[Saved data entries]
== Segment start ==
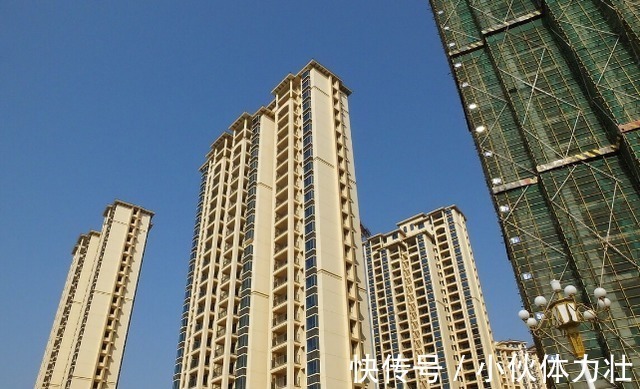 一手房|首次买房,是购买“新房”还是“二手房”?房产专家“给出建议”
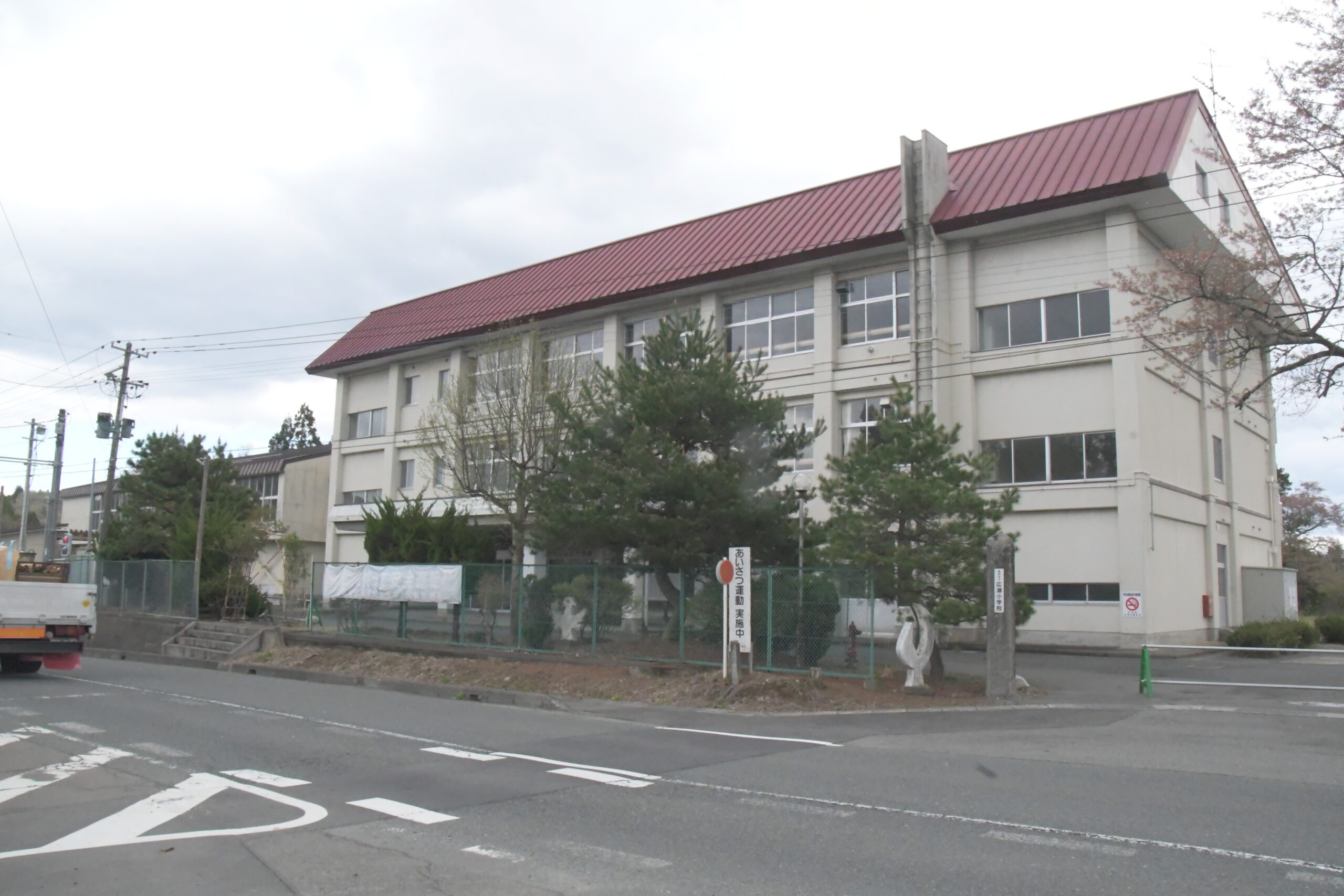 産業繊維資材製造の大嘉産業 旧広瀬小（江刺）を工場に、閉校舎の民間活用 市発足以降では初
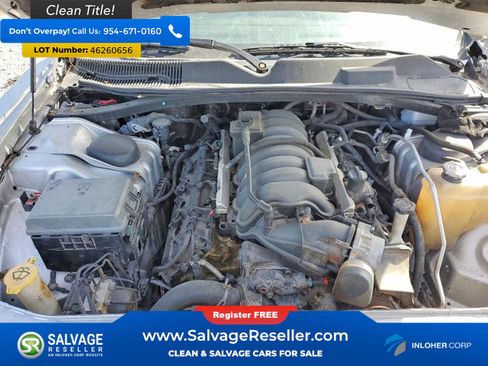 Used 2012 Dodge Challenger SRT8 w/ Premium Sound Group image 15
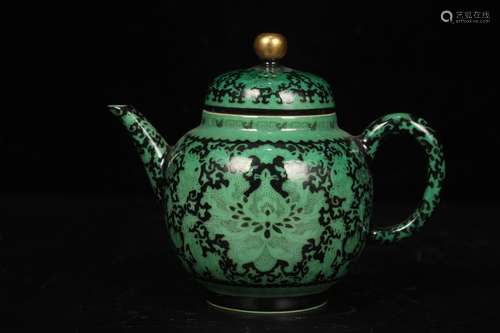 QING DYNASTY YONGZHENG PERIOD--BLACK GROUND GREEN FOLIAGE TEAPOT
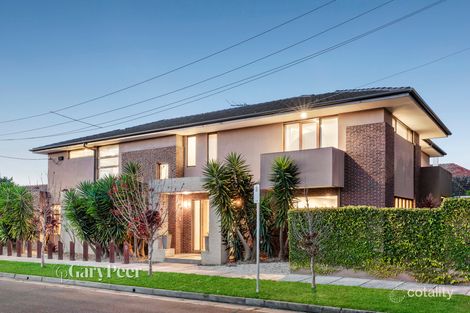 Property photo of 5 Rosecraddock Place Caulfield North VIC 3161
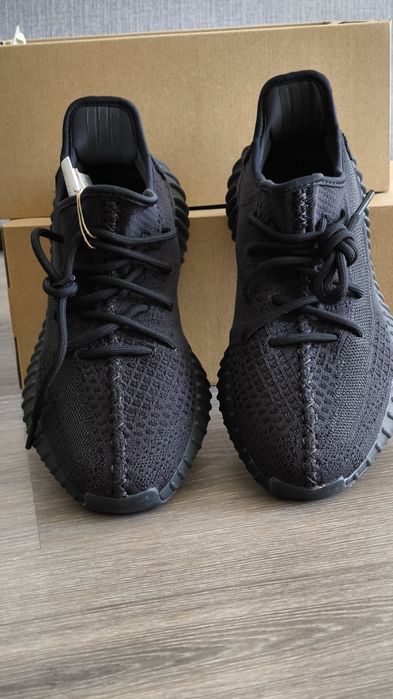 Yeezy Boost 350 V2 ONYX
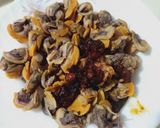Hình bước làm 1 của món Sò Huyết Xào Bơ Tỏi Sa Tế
== Segment end ==
Without the pictures, retype each line of the records above exactly.

Response below ->
 一手房|首次买房,是购买“新房”还是“二手房”?房产专家“给出建议”
 産業繊維資材製造の大嘉産業 旧広瀬小（江刺）を工場に、閉校舎の民間活用 市発足以降では初
 Used 2012 Dodge Challenger SRT8 w/ Premium Sound Group image 15
 QING DYNASTY YONGZHENG PERIOD--BLACK GROUND GREEN FOLIAGE TEAPOT
 Property photo of 5 Rosecraddock Place Caulfield North VIC 3161
 Yeezy Boost 350 V2 ONYX
Hình bước làm 1 của món Sò Huyết Xào Bơ Tỏi Sa Tế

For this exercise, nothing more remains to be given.